Posts Tagged ‘Anne Kornblut’

Anonymous Experts Agree: Newt Gingrich Is Smart, Caring

Monday, December 5th, 2011

Many big papers have rules about when reporters can use anonymous sources. It should be rare, and the information generated should be important and difficult to get without granting a source the privilege to speak anonymously. Of course, reality is different--as Janine Jackson documented in the new issue of Extra!.

Anonymous sources supposedly aren't allowed to abuse the privilege to attack someone--and they also aren't, as Jackson noted, supposed to do the opposite:

Both papers officially caution against special pleading and spin, along with quotations, as the Post rules have it, "whose only purpose is to add color to a story."

I thought of that while reading a piece in the Washington Post about Newt Gingrich.

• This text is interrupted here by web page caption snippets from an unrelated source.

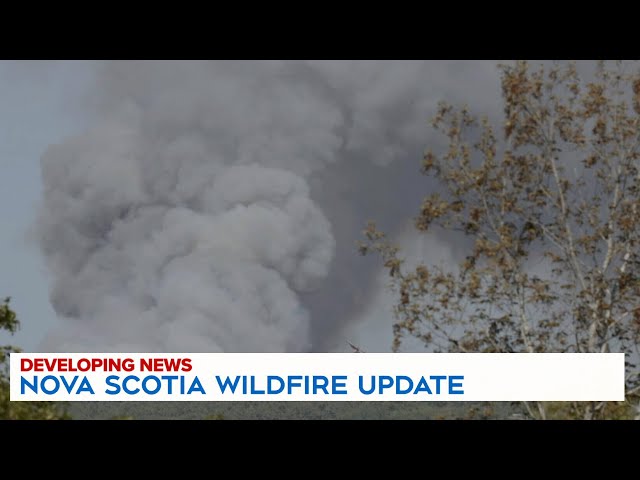 Nearly half of Shelburne County has been evacuated  | NOVA SCOTIA WILDFIRE UPDATE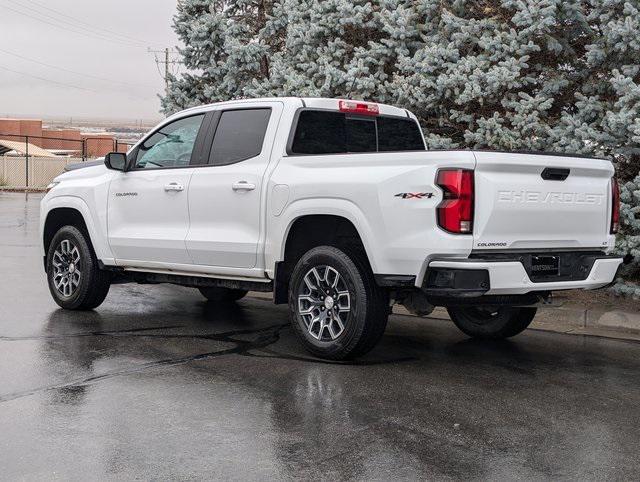 used 2023 Chevrolet Colorado car, priced at $34,550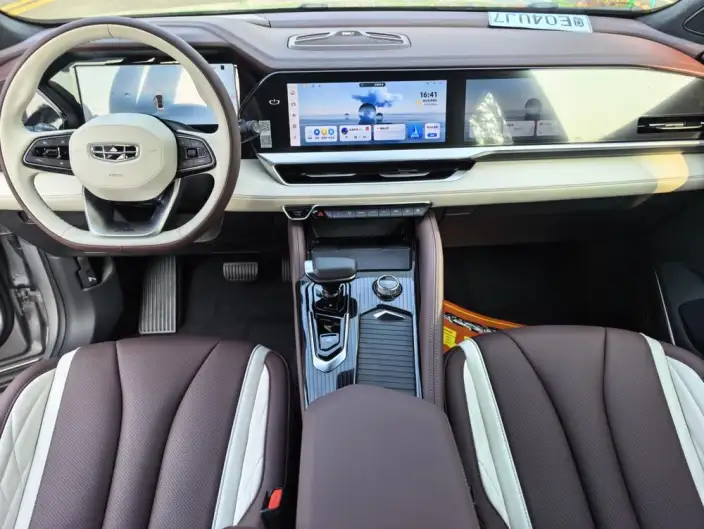 Geely Xingyue L 2025 Model 2.0TD DCT EVO 2WD – фото 7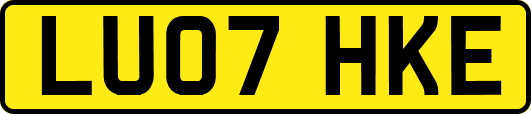 LU07HKE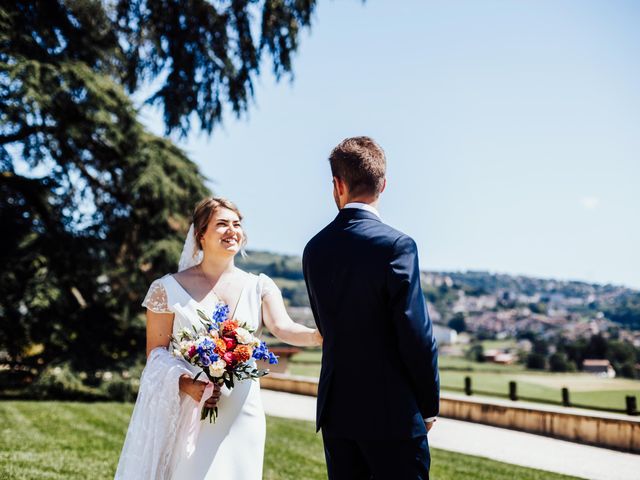 Le mariage de Florian et Marine à Thizy, Rhône 91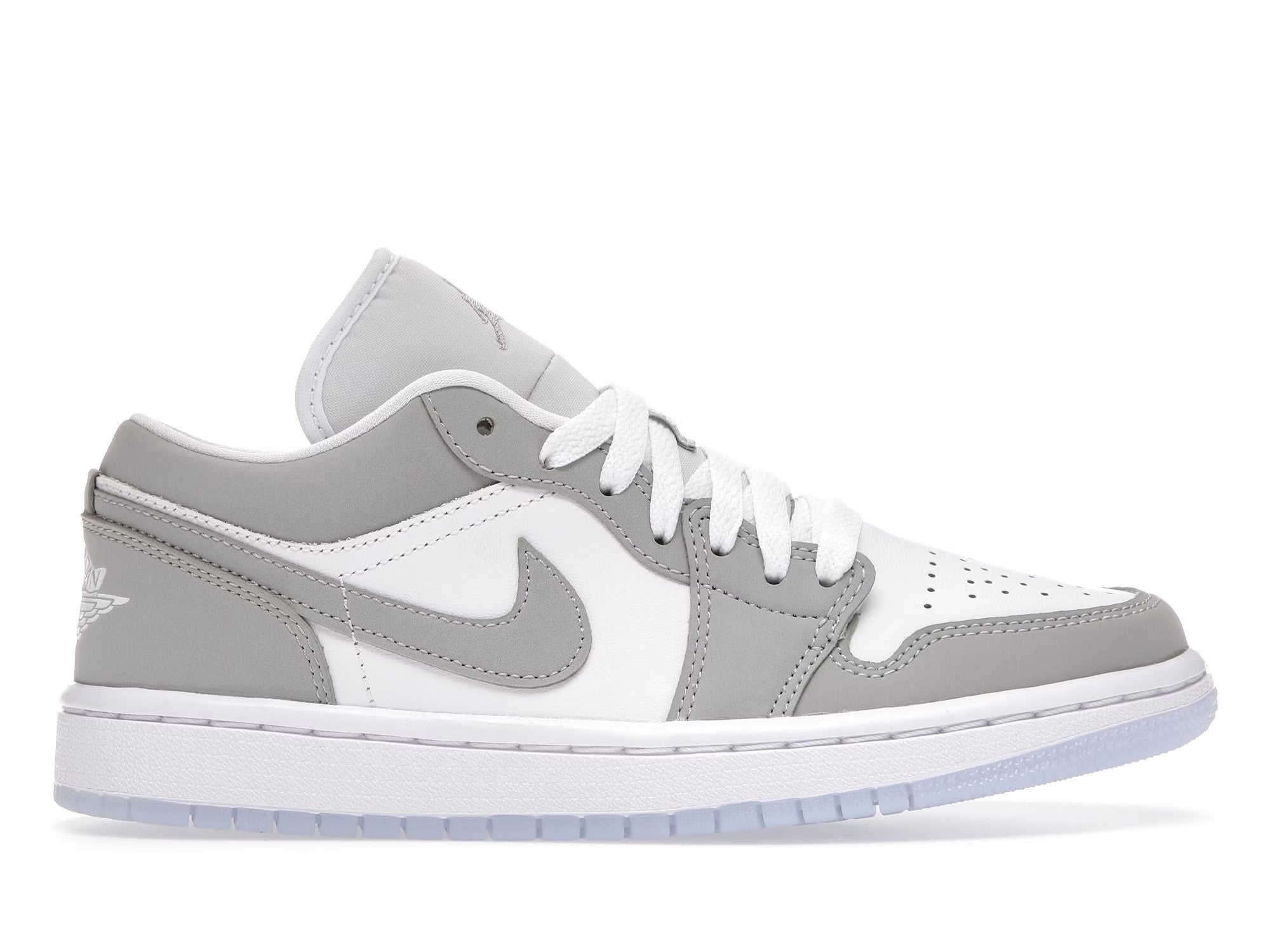 Jordan 1 Low Wolf Grey Sneaker Store Co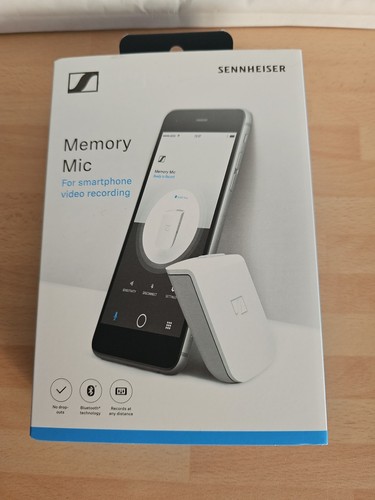Sennheiser memory mic new - sennheiser,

Peter Wallsten and Anne Kornblut got this evaluation of Gingrich from a Democratic strategist:

"He does not carry Wall Street baggage," said one Democratic strategist working on the Obama reelection effort, speaking on the condition of anonymity to freely discuss his thinking. "He's really smart. He's definitely authentic."


The flattery is bipartisan--here's a Gingrich adviser, in the same piece:

A Gingrich adviser, speaking anonymously, said the former speaker's long interest in traditionally Democratic issues such as inner-city poverty is "an underestimated advantage" in a general election and could soften his image with independents. Gingrich plans to start talking this week about "conservative solutions" to urban problems, the adviser said.

Is that a reference to the "advantage" of advocating that poor kids work as janitors?

Death Panels--Again?

Monday, March 1st, 2010

In a February 28 piece headlined, "Obama Ready to Move Forward on Healthcare Reform," the Washington Post's Anne Kornblut closed on a rather odd note:

Republicans have expressed growing confidence heading into the midterm elections, with healthcare as a potential campaign tool. Republican National Committee Chairman Michael S. Steele took the argument a step further, saying after the Thursday summit that it had been "a death panel for Obama-care."

"If that wasn't enough, when you come out of this thing and you're looking at the reconciliation fight that may loom ahead of us, it certainly will have represented a death panel for the Democrats this fall," Steele said on CNN.

Death panels became part of the debate last summer, after prominent Republicans, including former Alaska Gov. Sarah Palin, claimed the government would set them up to decide who could live or die.

Is the assumption here that everyone knows that there were never any death panels in any healthcare bill? When the leader of a major party is still making references to them, it deserves some sort of corrective from a journalist.  The Post reminds readers where the lie came from--but not that it's a lie.